NC elections board rejects Sunday voting, campus polling sites in handful of counties
Published in News & Features
RALEIGH, N.C. — In a heated meeting punctuated by a student protest, the North Carolina State Board of Elections on Tuesday voted against including some Sunday voting opportunities and on-campus voting sites in the March primary election.
In mostly party-line votes, the board’s new Republican majority voted to approve early voting plans from counties where election boards were unable to reach a unanimous agreement.
This included voting against a proposal to include early voting sites at UNC Greensboro and North Carolina A&T State University, prompting a confrontation with students who had come in support of the sites.
The State Board of Elections also voted against including Sunday voting in six counties that had disagreed on the issue and cut a longtime early voting site at Western Carolina University.
As of Tuesday afternoon, the board was still voting on proposals from several other counties.
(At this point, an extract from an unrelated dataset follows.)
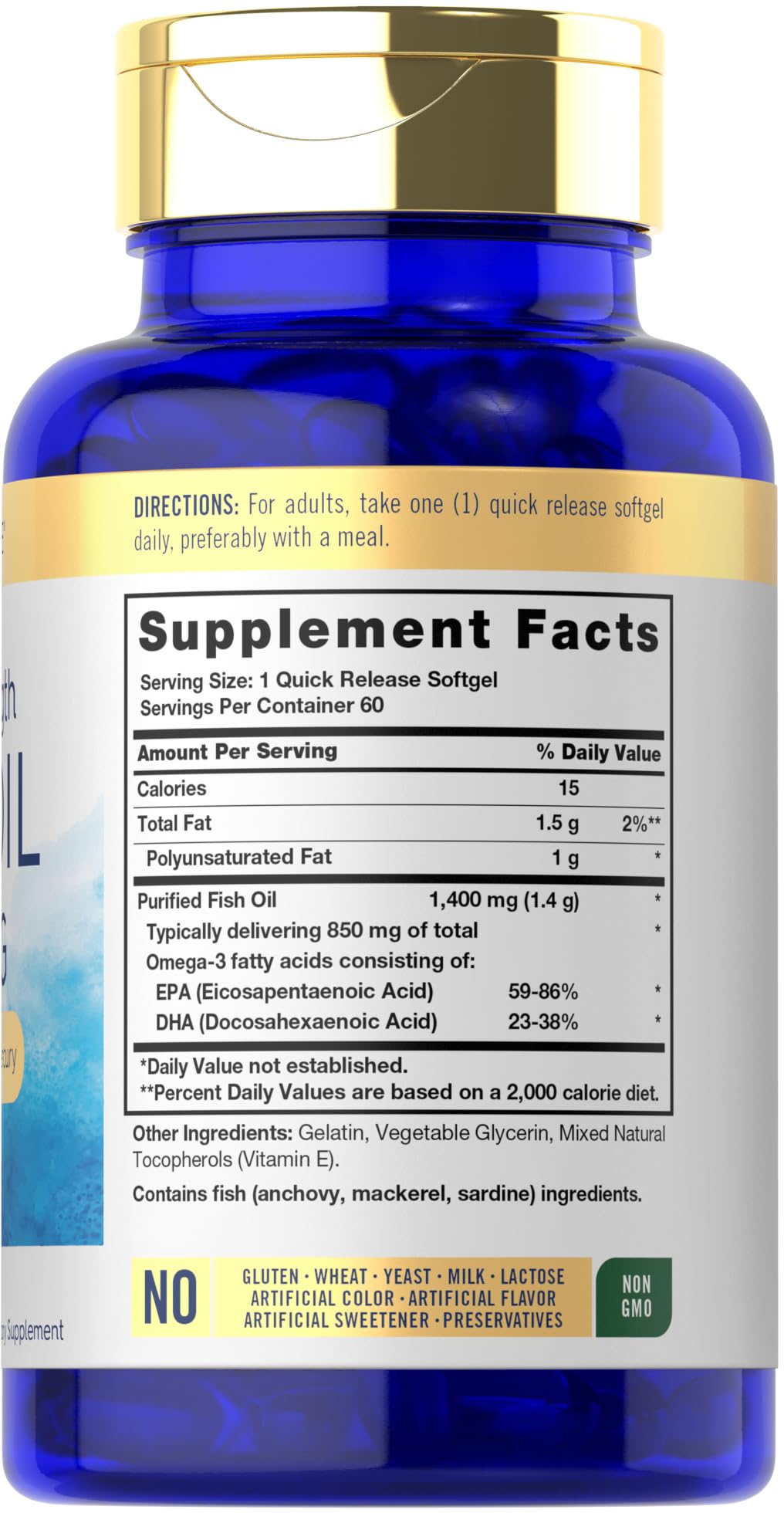 Carlyle Triple Strength Omega-3 Fish Oil 1400mg Softgels 60 Count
These types of disagreements are common, and state law has long required that if county boards can’t reach a unanimous decision, the state will have the final say. But in the wake of a massive restructuring of North Carolina’s election apparatus earlier this year — which flipped all boards to Republican control — new leadership may handle such disputes differently than in the past.
The counties at issue are Alamance, Brunswick, Columbus, Craven, Cumberland, Greene, Guilford, Harnett, Jackson, Madison, Pitt, and Wayne.